Records supplied.
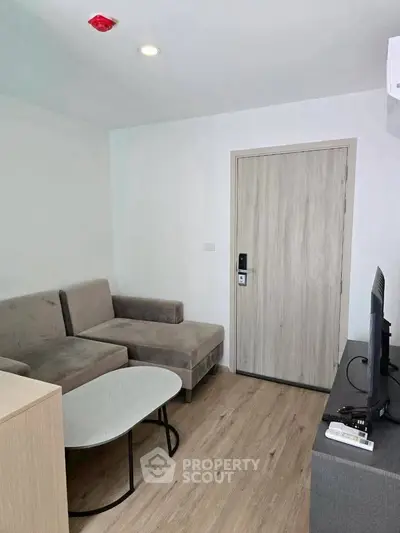 Modern living room with cozy sofa and flat-screen TV, perfect for relaxation.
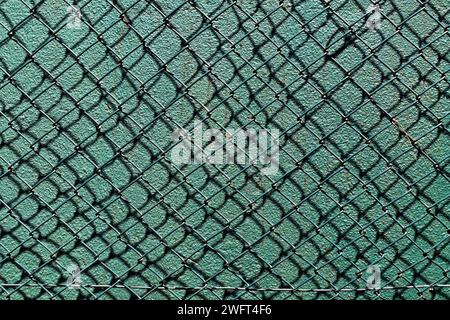 Green mesh, rhombus grid on green background Stock Photo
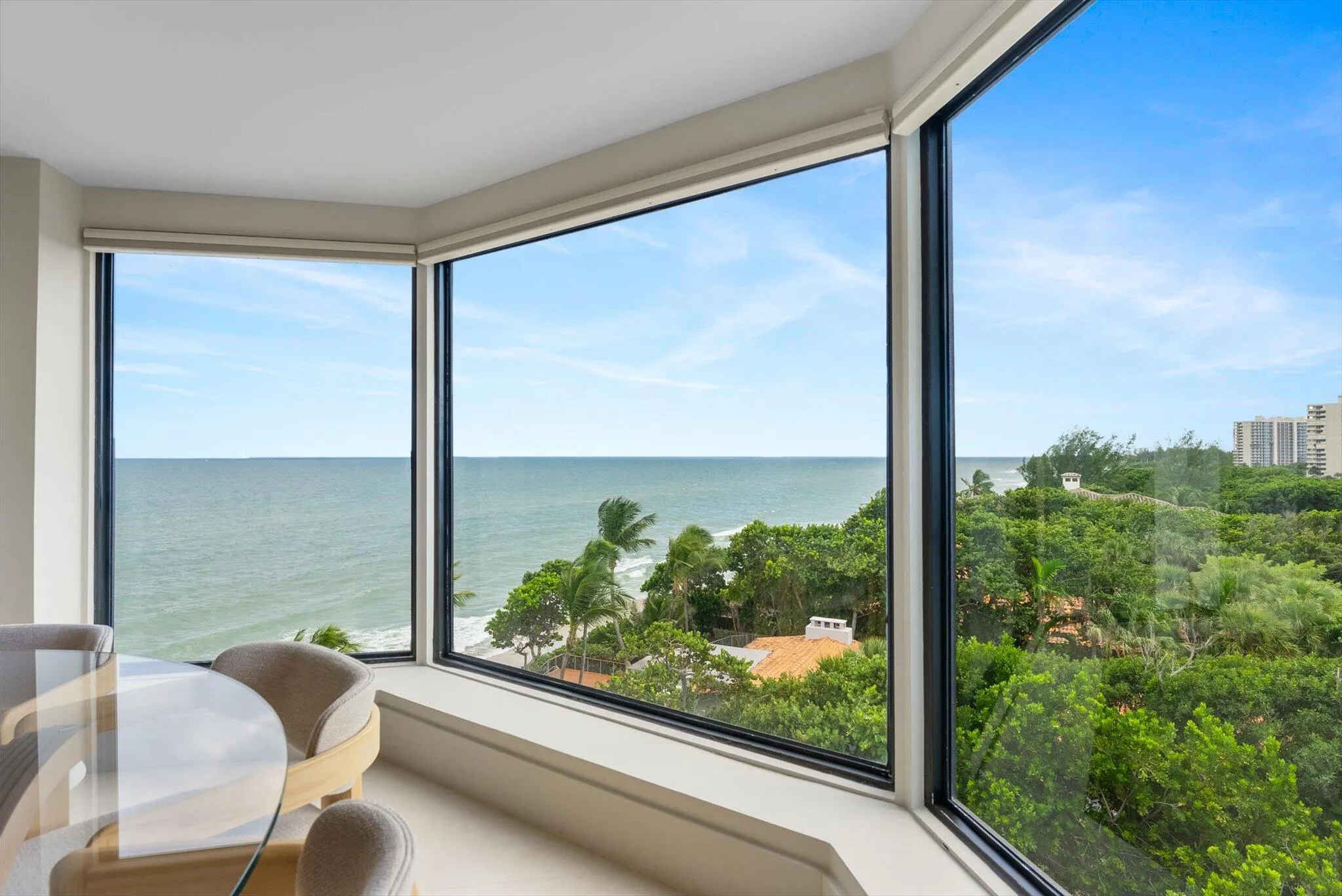 Architectural Dining Space framed by Expansive Glass
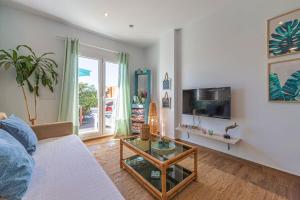 Et tv og/eller underholdning på Apartamento con Jardin Privado - SimplyTarifa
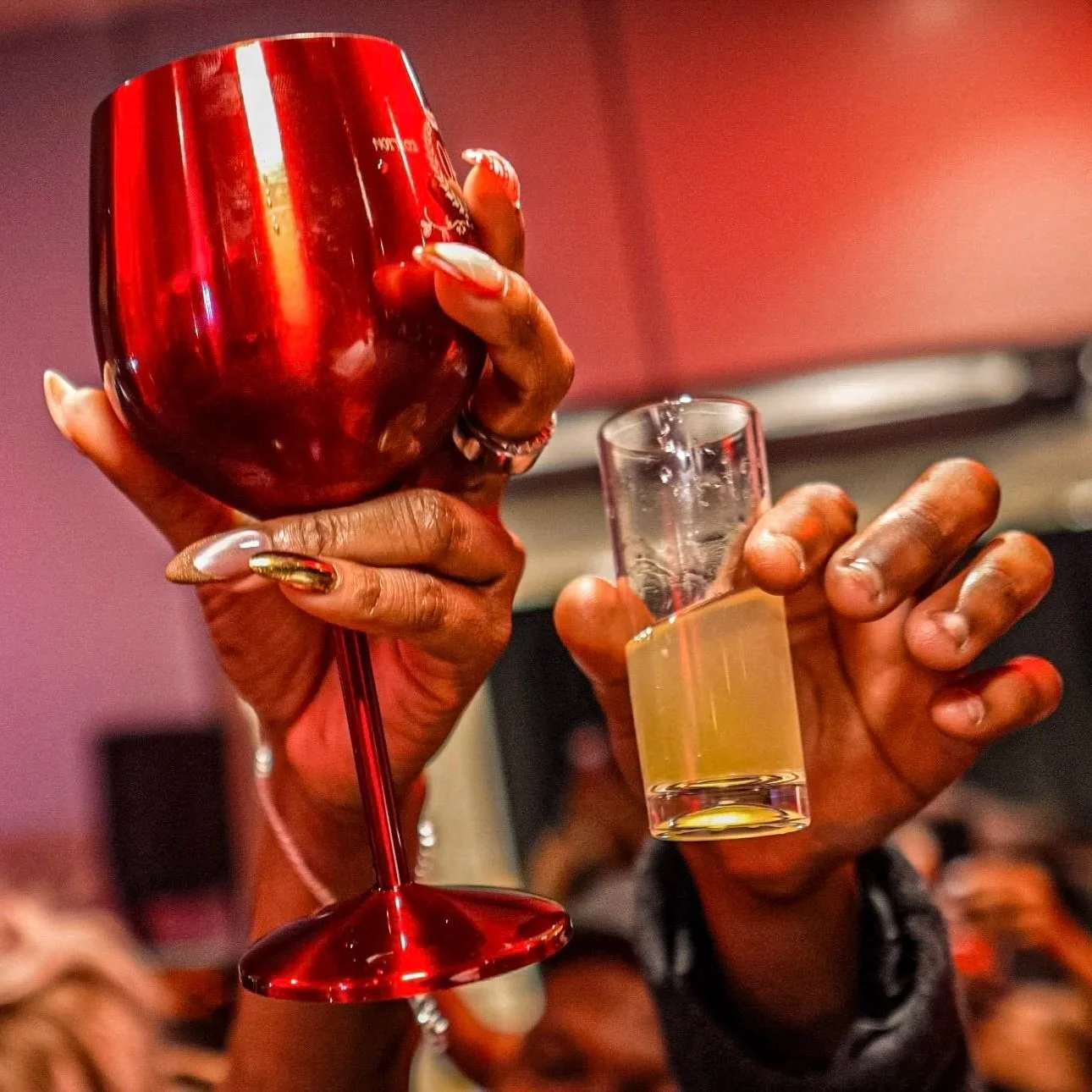 Person holding a red wine glass in one hand and a shot glass filled with a clear beverage in the other, celebrating at a social gathering.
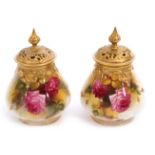 Pair of Royal Worcester pot pourri vases with gilt reticulated covers, painted with roses, one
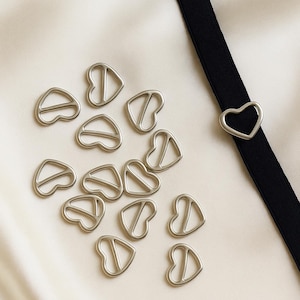 May include: Silver-toned metal heart-shaped sliders and a heart-shaped buckle on a black strap. The sliders are scattered on a white satin surface. The heart-shaped buckle is attached to the black strap.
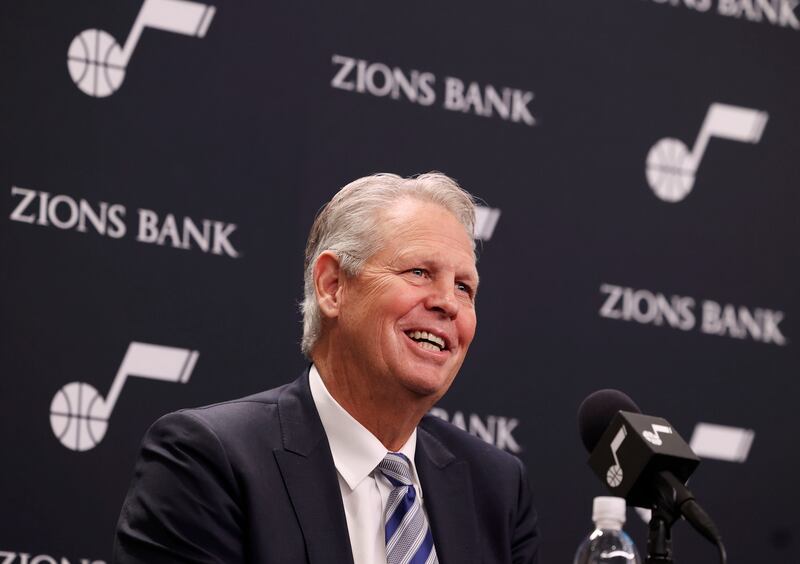 Danny Ainge speaks in front of a black background.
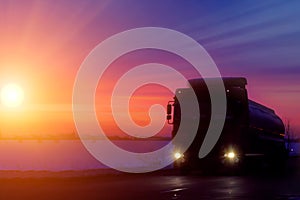Silhouette Truck with container on highway, cargo transportation concept. Sunset background with copy space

What needs to be done. Reproduce the data exactly as it appears above. Pictures are to be left out.

Result for this exercise.
 Modern living room with cozy sofa and flat-screen TV, perfect for relaxation.
 Green mesh, rhombus grid on green background Stock Photo
 Architectural Dining Space framed by Expansive Glass
 Et tv og/eller underholdning på Apartamento con Jardin Privado - SimplyTarifa
 Person holding a red wine glass in one hand and a shot glass filled with a clear beverage in the other, celebrating at a social gathering.
 Pair of Royal Worcester pot pourri vases with gilt reticulated covers, painted with roses, one
 May include: Silver-toned metal heart-shaped sliders and a heart-shaped buckle on a black strap. The sliders are scattered on a white satin surface. The heart-shaped buckle is attached to the black strap.
 Danny Ainge speaks in front of a black background.
Silhouette Truck with container on highway, cargo transportation concept. Sunset background with copy space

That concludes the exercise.